» **YOUR INSTRUCTIONS**: What do the entries below say? Restate them word for word.
########################################
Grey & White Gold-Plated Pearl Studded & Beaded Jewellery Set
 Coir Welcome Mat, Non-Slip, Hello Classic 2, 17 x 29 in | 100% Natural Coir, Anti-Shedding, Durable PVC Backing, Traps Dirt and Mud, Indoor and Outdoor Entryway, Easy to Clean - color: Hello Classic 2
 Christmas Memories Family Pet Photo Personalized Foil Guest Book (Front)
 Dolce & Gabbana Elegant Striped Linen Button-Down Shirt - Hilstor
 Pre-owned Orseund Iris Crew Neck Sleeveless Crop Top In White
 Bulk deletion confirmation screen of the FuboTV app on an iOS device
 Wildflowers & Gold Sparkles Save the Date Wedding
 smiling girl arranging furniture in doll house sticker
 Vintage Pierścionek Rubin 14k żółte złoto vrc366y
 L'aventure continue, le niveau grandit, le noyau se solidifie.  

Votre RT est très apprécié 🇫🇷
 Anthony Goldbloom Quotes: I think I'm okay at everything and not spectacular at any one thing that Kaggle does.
########################################
» **RESULT**:
Grey & White Gold-Plated Pearl Studded & Beaded Jewellery Set
 Coir Welcome Mat, Non-Slip, Hello Classic 2, 17 x 29 in | 100% Natural Coir, Anti-Shedding, Durable PVC Backing, Traps Dirt and Mud, Indoor and Outdoor Entryway, Easy to Clean - color: Hello Classic 2
 Christmas Memories Family Pet Photo Personalized Foil Guest Book (Front)
 Dolce & Gabbana Elegant Striped Linen Button-Down Shirt - Hilstor
 Pre-owned Orseund Iris Crew Neck Sleeveless Crop Top In White
 Bulk deletion confirmation screen of the FuboTV app on an iOS device
 Wildflowers & Gold Sparkles Save the Date Wedding
 smiling girl arranging furniture in doll house sticker
 Vintage Pierścionek Rubin 14k żółte złoto vrc366y
 L'aventure continue, le niveau grandit, le noyau se solidifie.  

Votre RT est très apprécié 🇫🇷
 Anthony Goldbloom Quotes: I think I'm okay at everything and not spectacular at any one thing that Kaggle does.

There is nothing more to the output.